As we’re encouraged to move away from p-values, journals more commonly asking for confidence intervals because they don’t depend on a null hypothesis. But we can still use them to make our decision about rejecting \(H_{0}\). Again, *we can therefore reject \(H_{0}\) if and only if the null hypothesis mean falls outside the confidence interval.*

For this example 70 falls inside the confidence interval so we fail to reject \(H_{0}\). You can see this in the plot above where the vertical line marking the null hypothesis mean (70) falls inside the blue shaded region.

A nice thing about confidence intervals compared to p-values and t-statistics is that they are in the units of our measurement (inches for our example). And, for this reason, they give us our critical value for rejecting \(H_{0}\) in our measured units. We know that if your null hypothesis was either \(H_{0}: \mu = 69.11\) or \(H_{0}: \mu = 71.51\) - the lower and upper ranges of our confidence interval - our mean would be right on the border of rejecting, and therefore our p-value would be 0.05.

But, confidence intervals alone don’t tell us the statistical significance of the test, which is why we’re often asked to report both confidence intervals and p-values.

## 8.1 Effect Size

Remember, ‘statistical significance’, which is the p-value, is the probability that you’d obtain your observation given that \(H_{0}\) is true. But even though the word ‘significant’ sounds like ‘important’, at statistically significant result may not be that interesting. Here’s an example.

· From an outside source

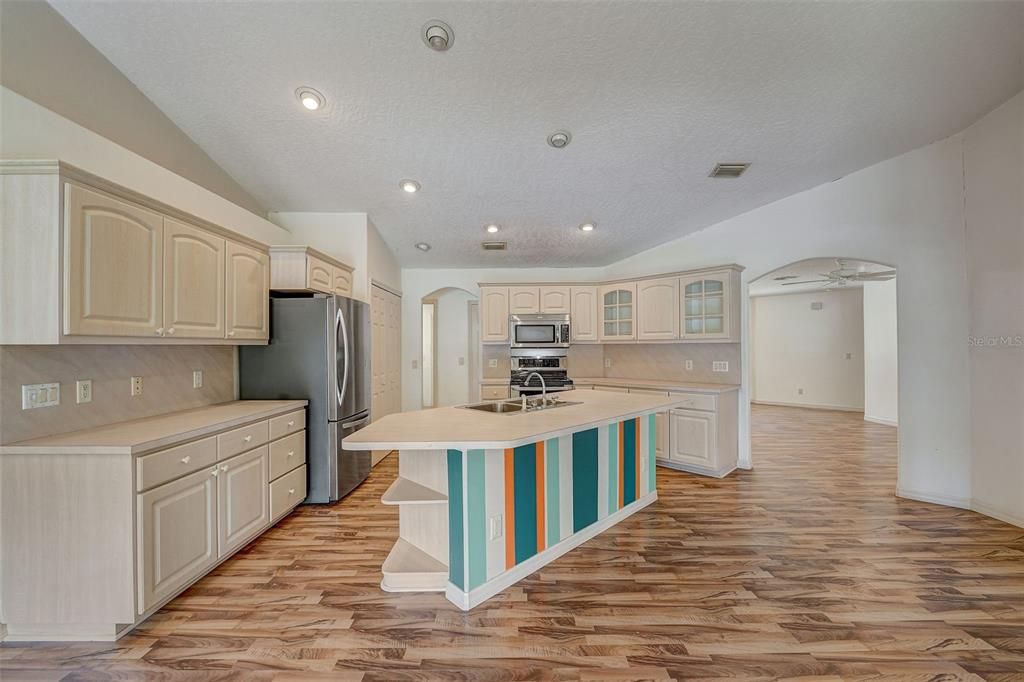 The family chef will appreciate the spacious kitchen offering STAINLESS STEEL APPLIANCES, ample storage and the large ISLAND gives you additional prep/storage space as well as a breakfast bar for casual dining with family or entertaining friends.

## 8.2 An Uninteresting Example

We’ll go back to IQ’s again so that we can use the simple z-test, but the idea holds for any hypothesis test.

Suppose you want to test the hypothesis that the IQ’s of college students is different from 100. You go and sample the entire undergraduate population at UW which in 2021 had an enrollment of 36206 students and find that the mean IQ of UW undergraduates is 100.25. With our sample size, the standard error of the mean is \(\frac{\sigma}{\sqrt{n}} = \frac{15}{\sqrt{36206}} = 0.0788\)

Our z-score is therefore:

\[ \frac{(\bar{x}-\mu)}{\sigma_{\bar{x}}} = \frac{(100.25 - 100)}{0.0788} = 3.1713\] Using R’s ‘pnorm’, our p-value for a two-tailed test is:

`## [1] 0.001517583`

We conclude that our mean of 100.25 is significantly different from 100 and that IQ’s of college students is significantly different from the general population.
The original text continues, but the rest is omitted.